With that, it's benefiting the entire team - as now Mario and JJ can catch and shoot those wide open treys to stretch the D.

Mario's activity and energy have been right on lately. Same with Joel - he may be a klutz, but you can't question the man's effort.


----------



## Wade County (Jun 22, 2003)

C'mon guys, no let ups here to end the half.


----------



## Wade2Bosh (Mar 31, 2004)

nice pass by Damp to Bosh


----------



## PoetLaureate (Feb 8, 2009)

Arroyo is not helping his cause right now


----------



## Wade2Bosh (Mar 31, 2004)

Bibby gets hits with a T.


----------



## PoetLaureate (Feb 8, 2009)

Why isn't Bosh taking this free throw?


----------



## Wade County (Jun 22, 2003)

^ LBJ pulled rank


----------



## Wade2Bosh (Mar 31, 2004)

50-36 Miami at the half

Wade, Bron and Bosh with 42 of the Heat's 50 halftime points.

Miami holding Atl to 35% shooting.


----------



## Wade2Bosh (Mar 31, 2004)

PoetLaureate said:


> Why isn't Bosh taking this free throw?


Lebron always takes them unless JJ or House is in.
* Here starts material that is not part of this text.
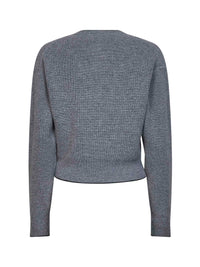 Chloé Women Divine Grey Wool And Cashmere Knit Embroidered Crewneck Sweater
To his credit though, he usually makes the technical free throws.


----------



## Wade County (Jun 22, 2003)

Great half by the looks (obviously im not watching it..sadly..)

Wade - 12/7/2/1/1 on 6-9 shooting. Oddly no free throws so far.
LBJ - 16/2/2/1 on 4-6 shooting, 1-1 from downtown and 7-9 from the line. Weird how his overall stat line has dropped lately (in dimes and board), but our success rate has gone up!?
CB - 14/4 on 7-13fg. Continues to motor and hit around 1 of every 2 shots he takes. Perfect third option. This is what he envisioned when he signed here. That slow start is a distant memory.

Rio has also been mighty impressive, again.


----------



## Wade2Bosh (Mar 31, 2004)

The last couple of minutes of that half got a bit sloppy. Hope that play doesnt continue to start the 3rd.


----------



## Dee-Zy (Jan 12, 2006)

Why did Bibby get a T? I didn't understand that.

I didn't understand why Mags didn't get cut instead of Stackhouse...


----------



## Wade2Bosh (Mar 31, 2004)

Dee-Zy said:


> Why did Bibby get a T? I didn't understand that.
> 
> I didn't understand why Mags didn't get cut instead of Stackhouse...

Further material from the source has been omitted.